Dr Okoth teaches at KCA University and her students were part of the audience. I could not see their faces but imagined that they, too, must have been shocked.
Even as a feminist and liberal thinker, sex is still a taboo topic for me. And I cringed at some of Dr Okoth’s words about orgasms, sex toys and other X-rated sexual escapades.
My fear of talking about sex stemmed from years of social conditioning that sex was a bad word, only to be talked about within the confines of the marital bedroom. Or to be hidden in euphemisms and clothed in shame.

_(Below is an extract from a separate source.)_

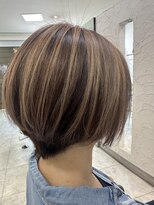 ヂルチヘアー(zilch hair)&nbsp;スモーキートパーズ　シャドールーツ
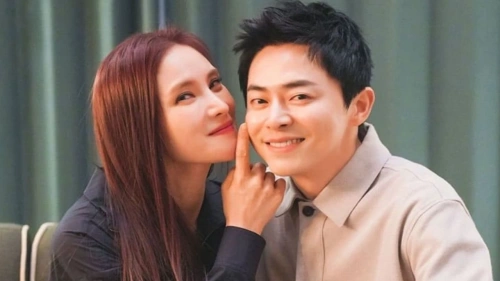 CONGRATULATIONS DAENGI marks a joyful milestone for Jo Jung Suk and Gummy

“You know what? I don’t think men and women talk enough about sex. How can such a natural thing bring forth such absurd reactions?” my friend whispered back, swiftly paving the way for my moment of epiphany.

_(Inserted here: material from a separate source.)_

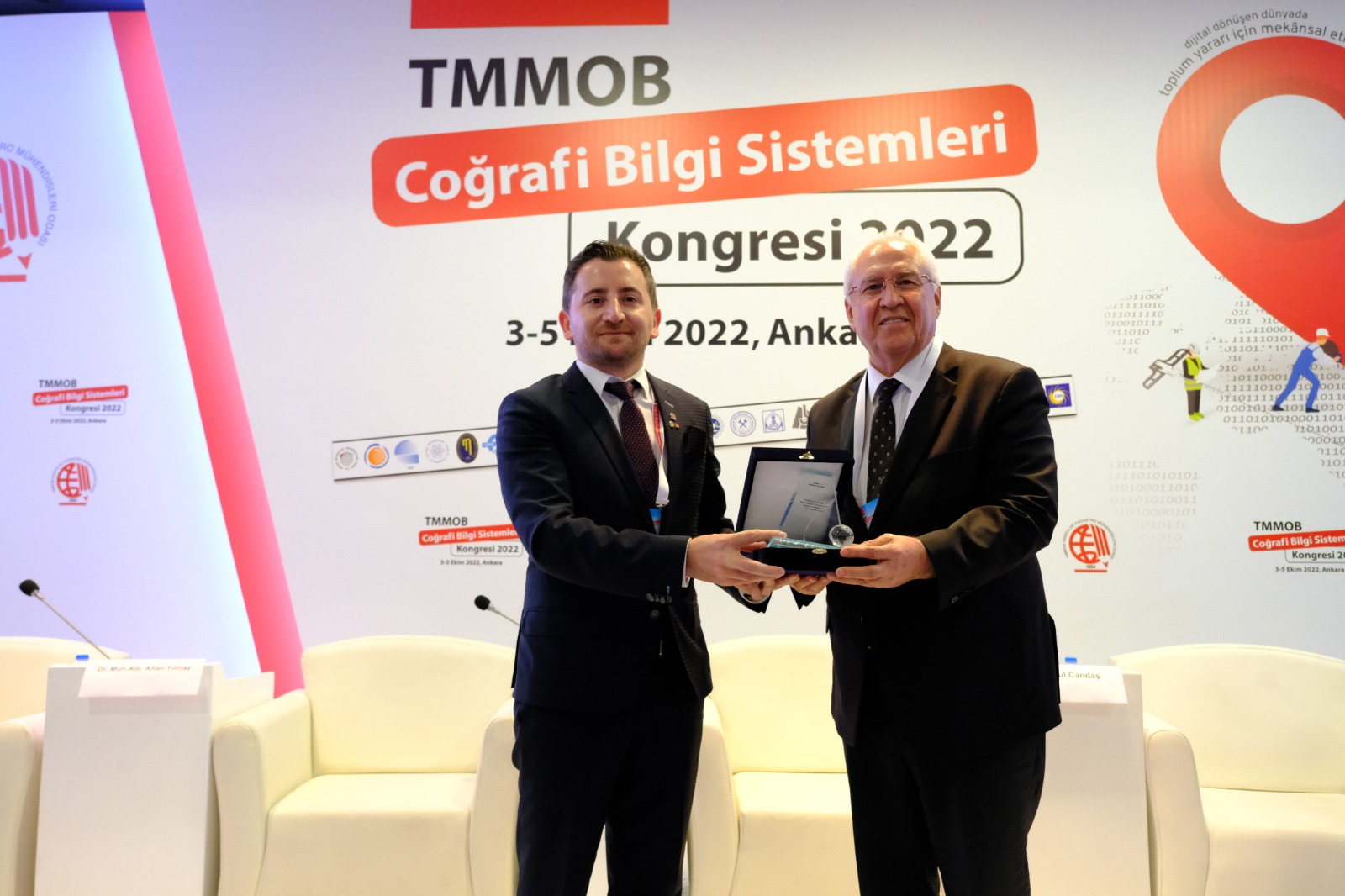 Karabağlar'ın CBS'i Ankara'da anlatılıyor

I realised that we don’t talk about sex often enough. We are not socialised to do it, even if we are products of it.
I almost fainted in shock when my eight-year-old daughter told me a few months back: “I know what happens before the baby gets into the stomach. A boy’s private parts must touch a girl’s private parts.”
I had to have the birds and bees conversation with her very fast.

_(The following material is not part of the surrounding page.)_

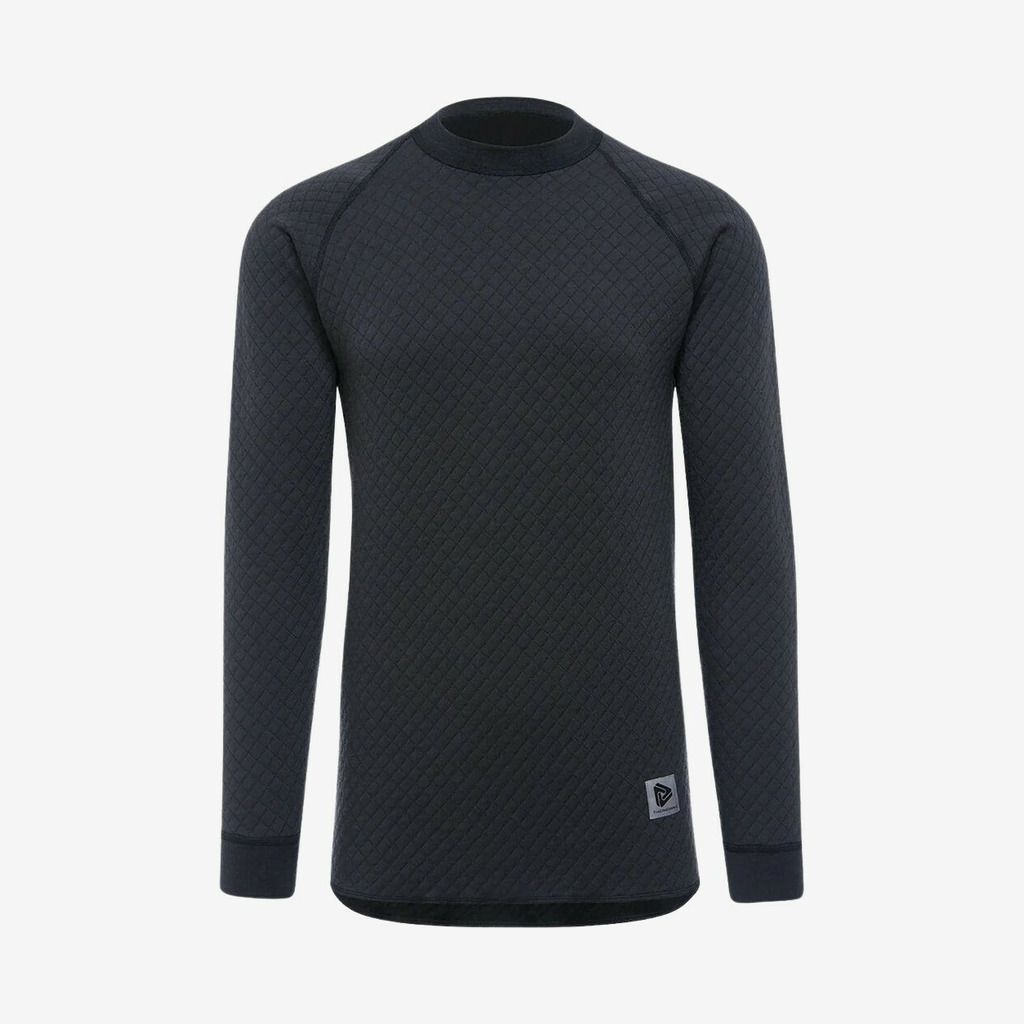 Merino 3IN1 langærmet trøje (Antracite)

Women and girls experience sexual violence at a higher rate than men, so it makes perfect sense for them to talk about sex. Some forms of female genital mutilation (FGM) like clitoridectomy, are specifically done to ensure that women don’t enjoy sex.
Also read: Teach the youth about sex
Sex has also been used to shame women. That’s why some women have perfected the art of lying about the number of sex partners they have had. That’s why virginity is treasured in women but ridiculed in men.
Talking about sex empowers women to take ownership of their sexual experiences and develop healthy expectations. In a patriarchal world where women’s bodies and what they do with them are controlled by men, it’s essential to have women take charge of what happens to their bodies.
I want to believe that by talking about sex openly, Dr Okoth permitted other women to do so as well. By reclaiming their voice, they can reclaim their power.